Is PISA still a fair basis for comparison? Some serious questions have emerged
By Blog Editor, IOE Digital, on 26 January 2018
John Jerrim.
A version of this blogpost also appears on the Centre for Education Economics website.
The OECD’s PISA study compares the science, reading and mathematics skills of 15-year-olds across countries, with the results closely watched by journalists, public policymakers and the general public from across the world.
It’s conducted every three years, and particular attention is now being paid to how the PISA scores of each country are changing over time. For instance, are the academic skills of young people in some countries improving, while in others they are in relative decline?

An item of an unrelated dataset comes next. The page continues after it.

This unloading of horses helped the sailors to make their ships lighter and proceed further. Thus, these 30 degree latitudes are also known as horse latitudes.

Of course, to answer such questions robustly, fair and comparable measures of children’s skills (both across countries and over time) is key. Yet, a major change was made to PISA in 2015 which has the potential to put such comparability of measures into doubt.
A change in approach
Young people in some, but not all, countries took the PISA assessment on computers for the very first time.
Specifically, PISA 2015 was conducted on computer in 58 nations, with the other 14 continuing to use a standard paper-and-pencil test (the usual practice across all countries in the five PISA cycles between 2000 and 2012).

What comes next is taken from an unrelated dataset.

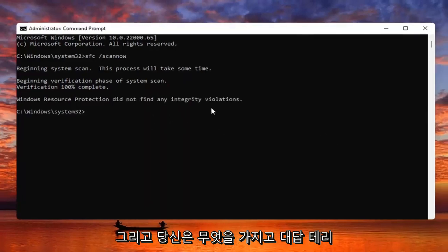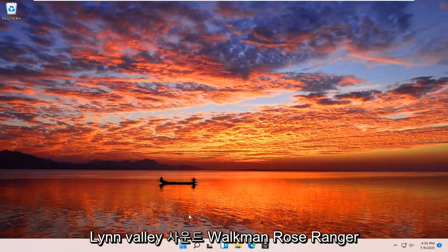Okay, so it didn't find any integrity violations. I would recommend closing out of here and restarting your computer.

Therefore, in order for us to retain faith in the comparability of the PISA study, it is vital we establish what impact this major change has had.
Unfortunately, the official documentation on this point is not completely clear, nor is it particularly transparent. If one delves into the depths of the technical appendices [PDF], the OECD has provided some discussion of these possible ‘mode effects’, along with some wonkish discussion of how these have been dealt with.

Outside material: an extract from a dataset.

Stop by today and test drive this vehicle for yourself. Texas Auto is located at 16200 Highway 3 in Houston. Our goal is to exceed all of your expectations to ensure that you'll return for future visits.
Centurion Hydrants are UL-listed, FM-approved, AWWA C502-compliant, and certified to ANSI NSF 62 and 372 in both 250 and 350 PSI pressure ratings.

But what does this actually mean?
It turns out that in the PISA 2015 field test, a randomised controlled trial (RCT) was conducted across multiple countries in order to establish the likely impact of PISA switching from paper to computer assessment. Specifically, a subset of children who took part in the field trial were randomly assigned to complete either a paper or a computer version of the PISA test, with the results across these two groups to be compared.
Yet little clear and transparent evidence has been published on these results – what exactly did these RCTs show?
What data from Germany, Sweden and Ireland can teach us
In my new study, forthcoming in the Oxford Review of Education, we provide evidence from the RCTs conducted in three countries – Germany, Sweden and the Republic of Ireland.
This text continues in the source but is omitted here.